I have a large farm in Northern Arkansas. Lake with a hydroelectric plant. Gas wells for income and uses. My house is about 7500 sq ft. And more than a mile off a dirt road that a school bus travels daily. We garden , have cattle chickens and rabbits. Been here surviving or thriving sense 1988.
Gaye, Please come to Southwest Utah and check it out. Cedar City has the medical and land and such nice people. If you want privacy you can have it.
St. George is way too hot in the summers but we are just about perfect. Lots to do and lots of close by places to hike and just have fun in.
I have a 5 acre forested beginning homestead in Morgan County, Mo. There are no zoning laws, low taxes, and the people here are really nice. I had hoped to become self-employed here, but things just haven’t worked out. This area is a low wage one, and you typically have to drive a long ways to get to work. During the so-called good times: everyone has a low paying job. During bad times: no jobs, or jobs so far away that one would have to work for several hours each day just to pay for the gas. It would still be an ideal place if one had an on-line business unless it required shipping small quantities every day. The USPS is 12 miles away. A Fedex drop box is 23 miles away. I didn’t know where to start in discovering a non-scam on-line low cost business. I ended up heading first to west Oklahoma, then to west Texas to work in the oil fields 2 years ago right before the price of oil collapsed.

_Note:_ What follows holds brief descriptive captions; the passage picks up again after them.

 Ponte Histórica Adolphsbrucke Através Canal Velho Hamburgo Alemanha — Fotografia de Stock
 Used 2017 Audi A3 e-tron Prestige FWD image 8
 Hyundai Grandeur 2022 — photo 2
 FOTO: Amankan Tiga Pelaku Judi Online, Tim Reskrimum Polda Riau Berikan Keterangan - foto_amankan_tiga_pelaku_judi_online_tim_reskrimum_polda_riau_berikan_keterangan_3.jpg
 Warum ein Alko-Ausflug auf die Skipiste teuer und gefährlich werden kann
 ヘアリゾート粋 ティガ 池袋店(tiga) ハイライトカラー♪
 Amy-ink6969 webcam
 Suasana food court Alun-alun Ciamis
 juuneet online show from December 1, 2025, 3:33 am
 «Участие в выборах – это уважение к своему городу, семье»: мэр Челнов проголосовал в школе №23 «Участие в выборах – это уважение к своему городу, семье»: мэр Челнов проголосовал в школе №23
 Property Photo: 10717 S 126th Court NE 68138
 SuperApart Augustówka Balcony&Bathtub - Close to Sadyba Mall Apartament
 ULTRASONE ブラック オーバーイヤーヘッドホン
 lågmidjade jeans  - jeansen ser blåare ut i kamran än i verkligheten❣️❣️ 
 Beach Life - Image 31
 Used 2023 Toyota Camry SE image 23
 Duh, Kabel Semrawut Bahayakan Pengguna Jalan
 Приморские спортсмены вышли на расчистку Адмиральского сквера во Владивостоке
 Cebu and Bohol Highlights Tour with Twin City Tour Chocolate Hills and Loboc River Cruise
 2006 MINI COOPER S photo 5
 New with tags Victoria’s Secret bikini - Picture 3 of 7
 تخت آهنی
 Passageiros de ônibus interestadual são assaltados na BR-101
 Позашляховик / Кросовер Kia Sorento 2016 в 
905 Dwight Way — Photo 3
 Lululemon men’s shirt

I was seriously considering making Texas my new home state, but I have found no place that meets my requirements of being close enough to wealthier communities (potential customers of pasture raised poultry) while not living in an urban area except for close to Austin. My research into that area though lead to the discovery that the area is already saturated with farmers markets. It is also the home of Whole Foods, a the area has a pretty large fresh food delivery company that even delivers to the Dallas area. What this means to me is that the price of fresh food is going to drop in that area, and only the established big growers and small producers willing to work for peanuts will remain. I ve also considered the Denton area, but the police departments in that area are corrupt.
I have therefore decided to move back to Missouri here in a few days. This time I will be living a bit further east where the wages aren’t so low and jobs are more plentiful. I intend to live in an RV park while trying to find odd jobs to do. I will also be looking for fixer-upper pasture land that I can lease long term so that I can raise livestock. Once I find that place, I hope to move my travel trailer there if it has a well and septic.